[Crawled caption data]
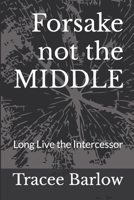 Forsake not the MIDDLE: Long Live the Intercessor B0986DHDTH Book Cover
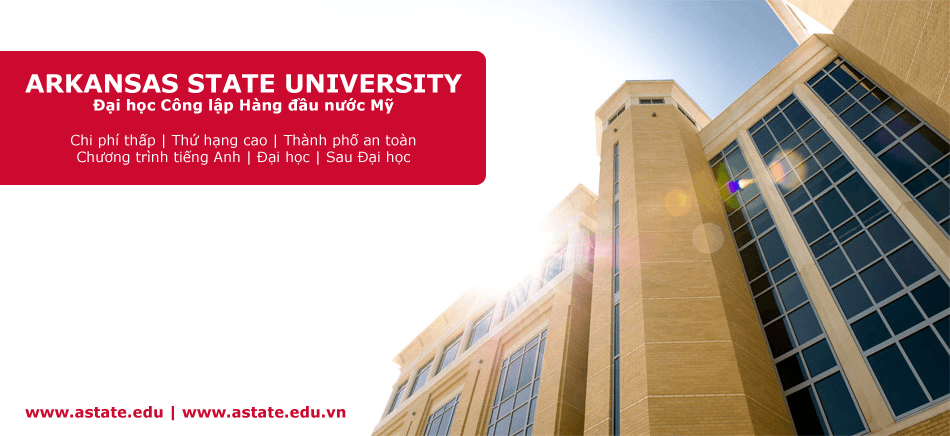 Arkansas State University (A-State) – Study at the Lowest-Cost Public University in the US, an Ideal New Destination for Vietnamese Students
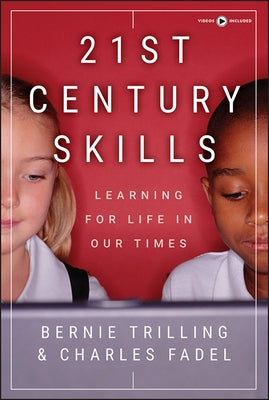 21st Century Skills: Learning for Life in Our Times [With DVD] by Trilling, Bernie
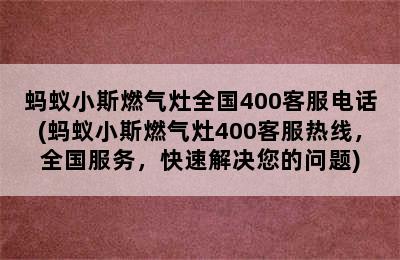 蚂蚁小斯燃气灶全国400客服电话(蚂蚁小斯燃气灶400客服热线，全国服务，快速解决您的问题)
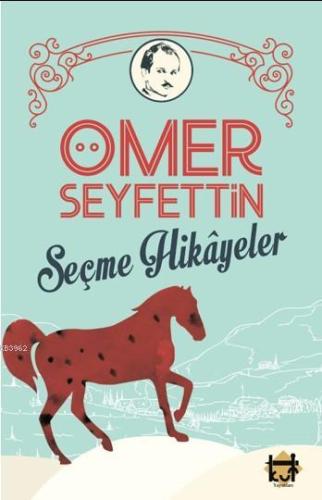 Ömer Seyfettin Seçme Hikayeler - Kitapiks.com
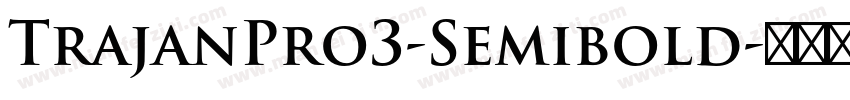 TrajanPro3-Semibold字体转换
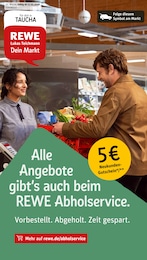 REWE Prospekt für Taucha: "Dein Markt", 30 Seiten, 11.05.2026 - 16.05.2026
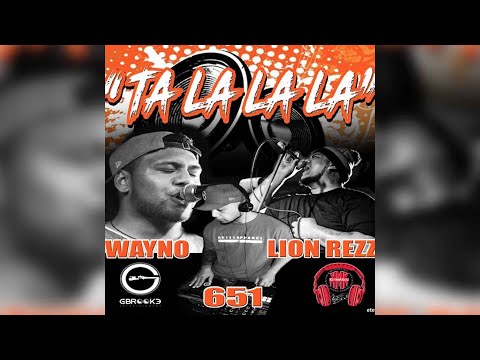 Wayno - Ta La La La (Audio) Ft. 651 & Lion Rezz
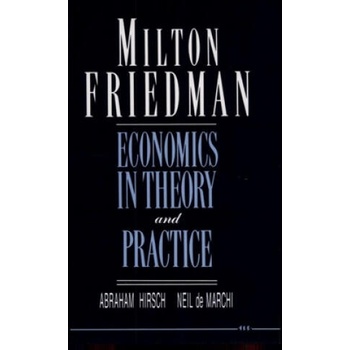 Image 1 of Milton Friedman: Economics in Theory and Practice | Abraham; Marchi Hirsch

### Work to complete
The data above must be given back verbatim, minus its images.

### Exercise answer
 Forsake not the MIDDLE: Long Live the Intercessor B0986DHDTH Book Cover
 Arkansas State University (A-State) – Study at the Lowest-Cost Public University in the US, an Ideal New Destination for Vietnamese Students
 21st Century Skills: Learning for Life in Our Times [With DVD] by Trilling, Bernie
 蚂蚁小斯燃气灶全国400客服电话(蚂蚁小斯燃气灶400客服热线，全国服务，快速解决您的问题)
 Ömer Seyfettin Seçme Hikayeler - Kitapiks.com
 TrajanPro3-Semibold字体转换
 REWE Prospekt für Taucha: "Dein Markt", 30 Seiten, 11.05.2026 - 16.05.2026
 Wayno - Ta La La La (Audio) Ft. 651 & Lion Rezz
 Image 1 of Milton Friedman: Economics in Theory and Practice | Abraham; Marchi Hirsch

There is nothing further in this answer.